# Problem to solve
Please restate, exactly, only the lines from the beginning of the listing below through the line containing "It will give", with the pictures left out.
-*-*-
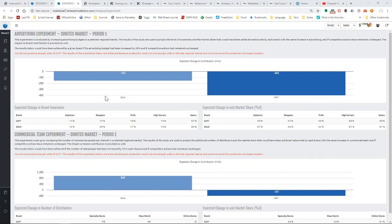You can see here that if the numbers end up negative, that means you don't need to spend more on either advertising or commercial team. But if the numbers are positive, that means you should probably spend some more money.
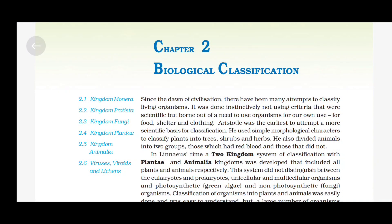Chapter 2: Biological Classification. Since the dawn of civilization, there have been many attempts to classify living organisms. It was done instinctively, not using criteria that were scientific, but born out of a need to use organisms for our own use — for food, shelter and clothing.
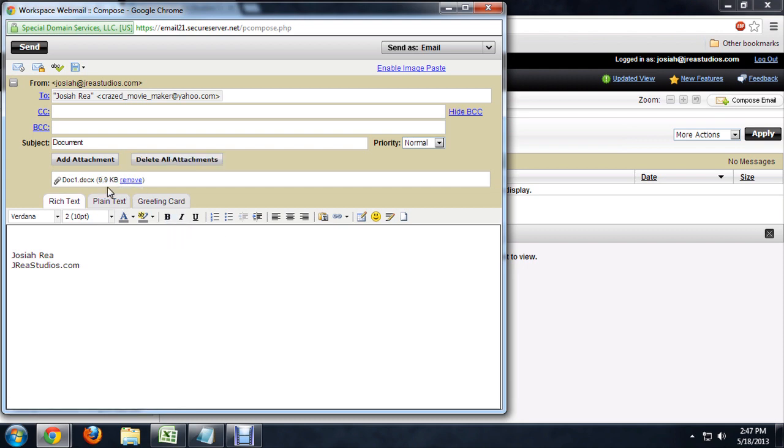It will give me a percentage, and then almost all of them that I've used will give you a size of the document when it's finished. Yahoo will have a progress bar as it uploads, and Gmail has something similar. Then they'll give you a size of the document, and that's how you know it's finished.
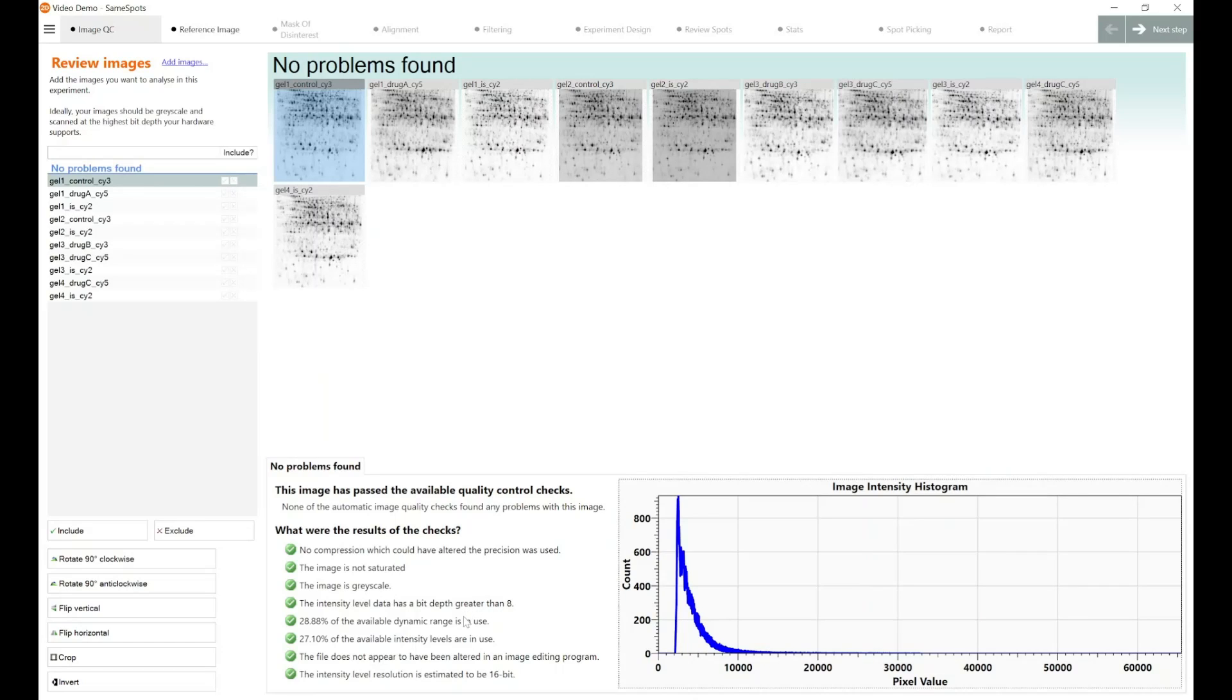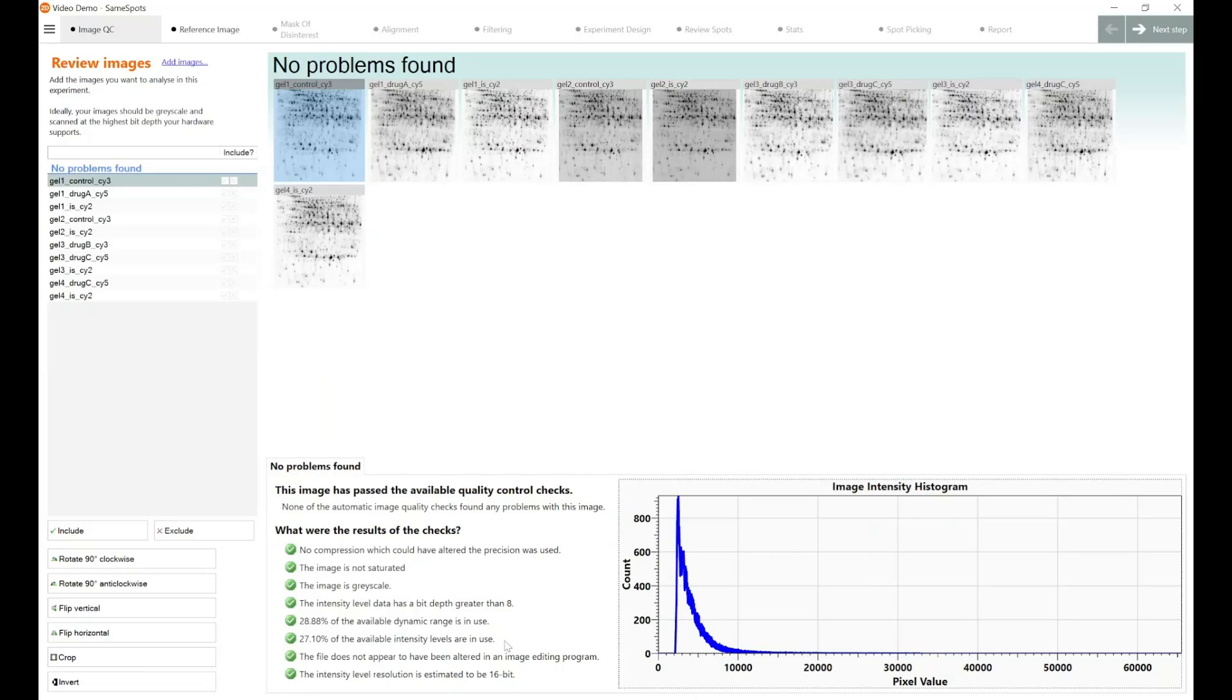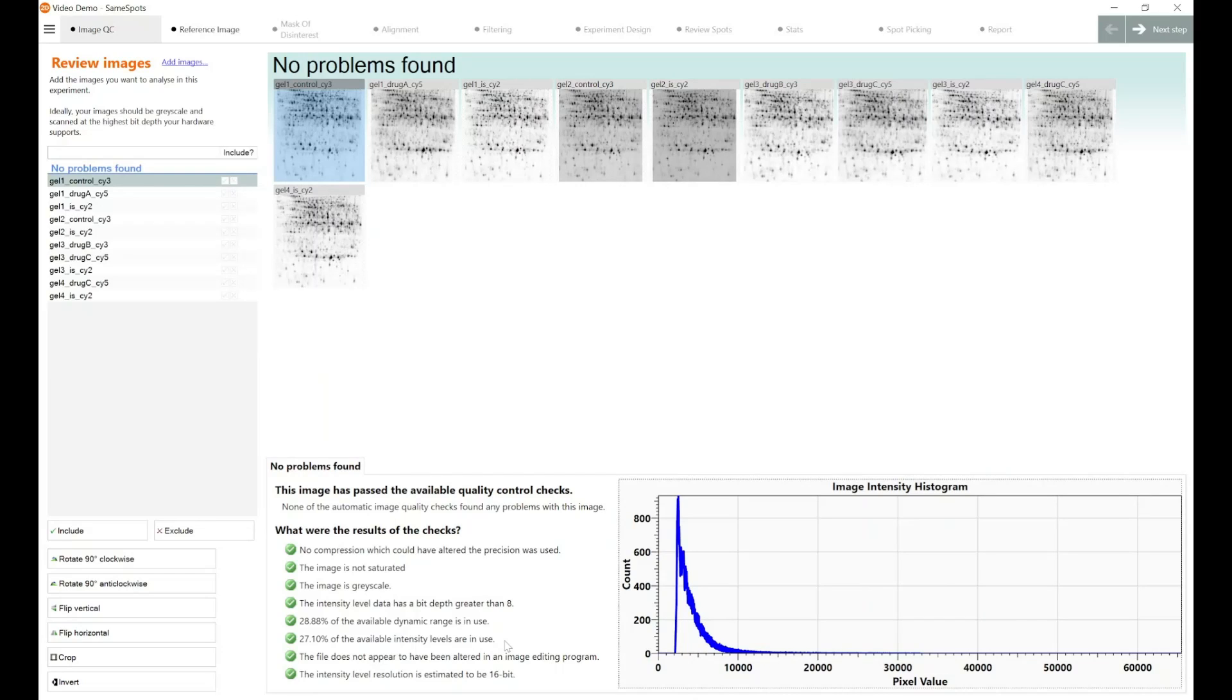28% of the available dynamic range is in use, and that relates to just the dynamic range of your image and your imaging device. 27% of the available intensity levels are in use. This relates to not having a saturated image. So of 100% of your dynamic range and 100% of your intensity levels, you're only using a small percentage. This doesn't really matter as long as it's not 100%, because as soon as it reaches 100%, you know that you've got the potential for data loss within either your data lies outside of the dynamic range of your device, or the intensity of some of your spots lies outside the detectable range of your device. And that's where you would lose data, and you wouldn't know.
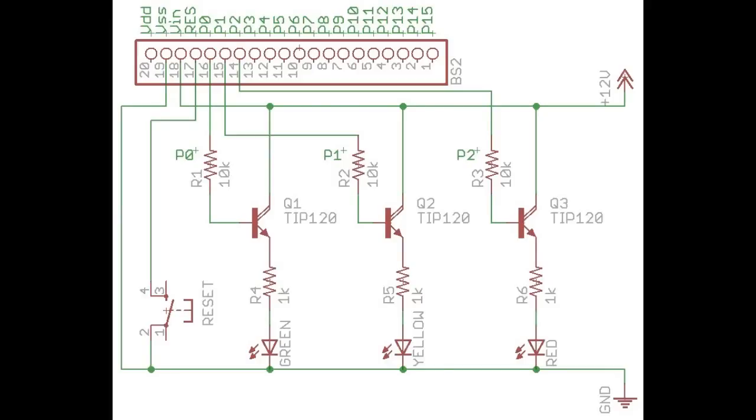The goal of this tutorial is to build a circuit which will turn on and off three LED lights in a sequence such that it represents the operation of a traffic light.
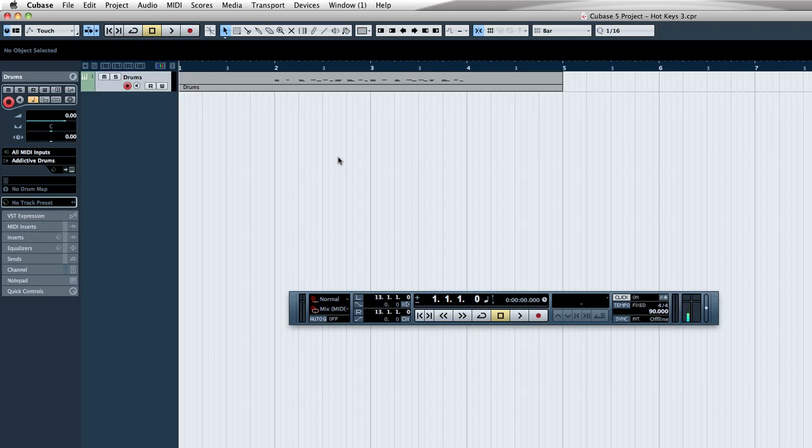What we're going to be doing is talking about some very basic transport hotkeys. These are very simple to remember. They're pretty much almost universal on almost every DAW you can experience, from Reason to Cubase to Fruity Loops to Logic to Pro Tools. It doesn't really make any difference.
-*-*-
# Exercise answer
You can see here that if the numbers end up negative, that means you don't need to spend more on either advertising or commercial team. But if the numbers are positive, that means you should probably spend some more money.
Chapter 2: Biological Classification. Since the dawn of civilization, there have been many attempts to classify living organisms. It was done instinctively, not using criteria that were scientific, but born out of a need to use organisms for our own use — for food, shelter and clothing.
It will give me a percentage, and then almost all of them that I've used will give you a size of the document when it's finished. Yahoo will have a progress bar as it uploads, and Gmail has something similar. Then they'll give you a size of the document, and that's how you know it's finished.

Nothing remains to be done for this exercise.